What kind of light do other coin photographers use?  Seems to me that a ring of lights (even if you switch some of them off) is going to give you flat light.


----------



## cgipson1 (Jul 31, 2012)

^Exactly... ring lights give very flat light! You can try turning off all the lights on one side of the ring, that will increase shadowing on the face of the coin. Play with different light on and off... see what you come up with..


----------



## Bynx (Jul 31, 2012)

You could try a small mirror to reflect the light. It will give some shadow to the high spots. The trouble I have is with shiny coins and their reflections. These Morgan dollars look pretty good.


----------



## stevepokal (Jul 31, 2012)

your first problem is the ring light. you want the embossing to look like embossing, so i would suggest getting some side light in there. you are going to want to skate the light over the top of the coin. youll probably need some fill light, but as long as you keep the fill light lower than the main you will retain some shadows, the larger the ratio, the higher the contrast. stacking it will maybe give something in the background to look at, but if you are still hitting it with the ring light the face is always going to look flat.


----------



## scentrifuge (Jul 31, 2012)

all good comments. thanks.  the copy stand Im using has two flood lights on goosenecks. The Light ring Im using has 8 - 20 watt halogens. 
I turn on the flood lamps, and then the use light ring with one whole side turned off, in the attempt to cast light and shadow from one side. 
Its a homemade light ring about 11" inches in diameter. 
It is held about mid length of the lens, for the best contrast effect. 

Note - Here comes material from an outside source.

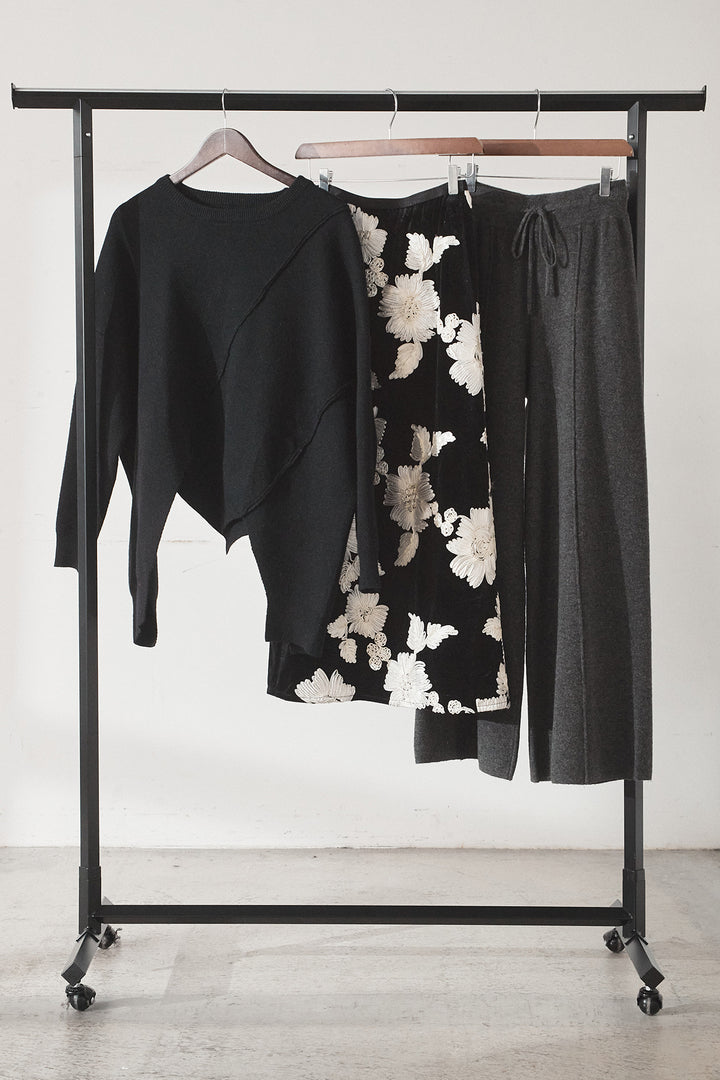 【着回しセット】[SET]アシンメトリーデザインニットトップス+センターラインニットパンツ+フラワー刺繍ワイドスカート(3set)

I think I will try a number of various lighting combinations and ask you guys to pick the best! :hail:


----------



## matreox (Aug 10, 2012)

I hope this will help you, I hope you don't mind I just did a bit of post-processing, It brings out the details and depth nicely I think.


----------



## scentrifuge (Aug 13, 2012)

matreox said:


> I hope this will help you, I hope you don't mind I just did a bit of post-processing, It brings out the details and depth nicely I think.
> View attachment 16302



the contrast is definitely better, what did you use to post process this? PS?


----------



## matreox (Aug 13, 2012)

With Paint.net actually, it's free.


----------